Ну, а кроме того, есть еще и миссис Хайд, ее секретарша, она тоже ушла из колледжа, но продолжает работать на нее дома в качестве литературного секретаря, ее главная поддержка и опора. В любое время дня и ночи можно обратиться к миссис Хайд — у миссис Хайд, кажется, нет более достойного занятия, чем служить ей. Андреа Клемент Уайт понимала, что олицетворяет в глазах миссис Хайд романтику, полностью отсутствующую в ее собственной жизни, и вот уже более тридцати лет немилосердно над ней издевалась. Поскольку, говоря по правде, привыкла, что ей служит миссис Хайд, принимала как должное ее услуги и испытывала зависть и презрение к мистеру Хайду — невзрачному тупому человечку с отвратительными щечками, плоскими, как у змеи, неспособному порадовать жену тем кипением жизни, которое, как ощущала Андреа Клемент Уайт, всегда стихийно вокруг нее возникало.

Машину, конечно, вела миссис Хайд, миссис Клемент Уайт сидела рядом. Непринужденное молчание, царившее в автомобиле, свидетельствовало об их полном взаимопонимании. Когда Андреа Клемент Уайт сидела в автомобиле с мужем, они тоже молчали, и было ясно: они друг к другу притерлись. Мистер Уайт литературой интересовался мало, с меня хватает, говорил он, того, что я на ней женился и познал на своем опыте, какая она сумасшедшая. Но их молчание было совсем другого рода: в нем ощущалась напряженность, неодобрение, злость. Он не произносил ни слова, давая ей понять, что он о ней думает. Миссис Хайд воздерживалась от слов, чтобы дать ей отдохнуть; она знала: миссис Клемент Уайт после встречи с посторонними нужно помолчать, чтобы прийти в себя.

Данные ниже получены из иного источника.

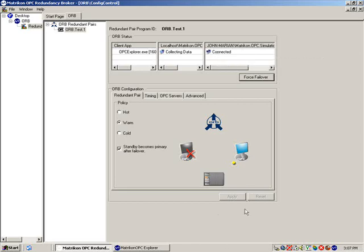This concludes the demonstration of the Matricon OPC Redundancy Broker, or ORB. If you have any further questions, feel free to contact your account manager or send an email to support at matriconopc.com.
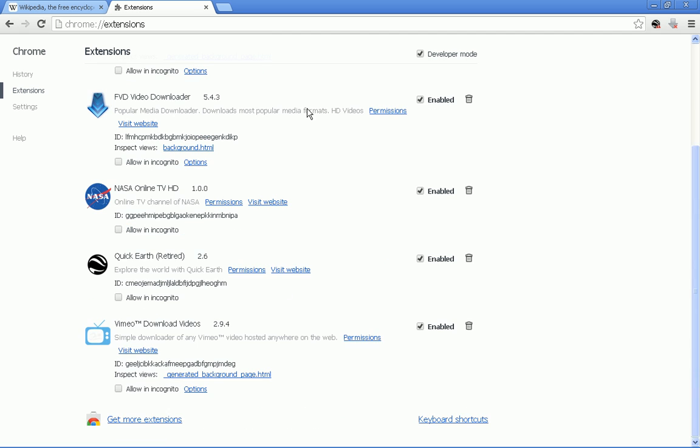If you scroll down to the bottom, depending on how many you have installed, you may not need to scroll very far, but you want to find 'get more extensions.'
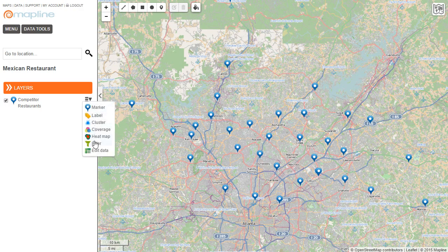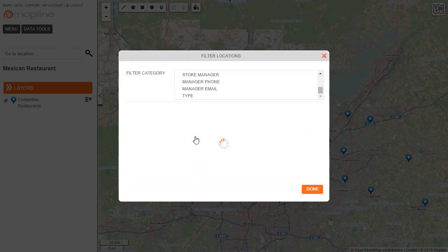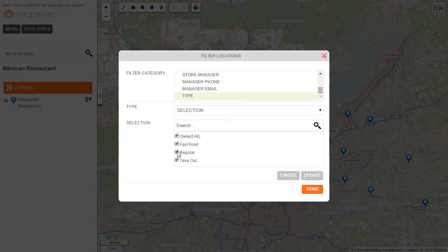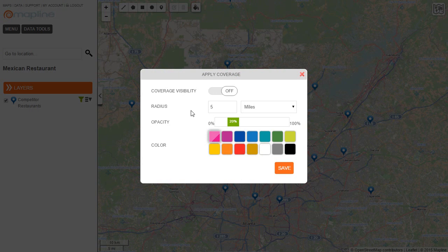First, let's filter it so that only the other fast food places are showing. Now let's add a 5-mile radius to make sure that I stay clear of their range. Turn that on and I'll select 5-mile radius.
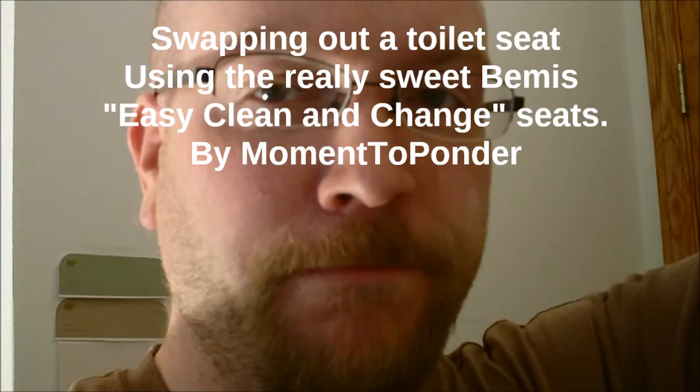Brian from Moment to Ponder here and as is becoming more and more usual, I'm in the toilet with you. Bathroom, whatever you want to call it. So what I'm doing today is changing the toilet seat.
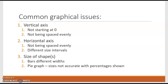On the horizontal axis, not being spaced evenly or having different size intervals could lead to — if you're dealing with a bar graph — bars of different widths. If we have one bar that is three times as wide as another, your eyes are going to be drawn to that. It's going to just look different and odd. And those are graphical issues.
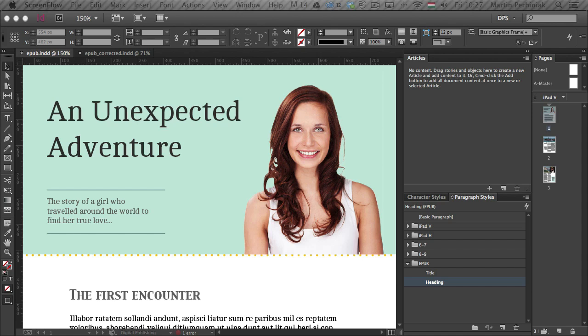Hello and welcome to Tuts+. My name is Martin Perhiniak and this is the Digital Publishing with InDesign CC series. In this episode, we are going to take a closer look at EPUBs.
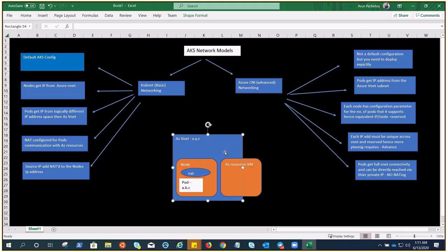The beauty of Azure CNI is that pods get full virtual network connectivity and can be directly reached through their private IP — no NAT is required. In kubenet, you won't have issues with IP address exhaustion since pods use a separate address space, giving you plenty of IPs. But if IP space is not a concern and you want simple, direct pod-to-resource communication, go for Azure CNI. It requires more IP address space but gives your pods full virtual network connectivity.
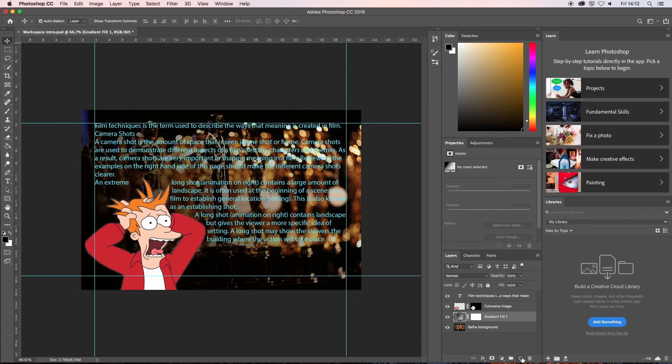So just to reiterate, you can create a layer by clicking down here. Or if you want to create a solid color layer, you can create a solid color layer by clicking down here.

— Это надо же додуматься, будто черные пишут лишь о том, что они черные, а не о том, что они люди,— с яростью произнесла Андреа Клемент Уайт, разыскивая в сумочке бумажный платок.— Эта пудра отвратительна,— сказала она, обтерев шею платком, после чего он стал темно-коричневым.— Ничего себе додумались — из такого множества оттенков коричневого на все случаи жизни выбрать только один! «Ну, конечно, одного вполне достаточно, им и не нужно больше одного».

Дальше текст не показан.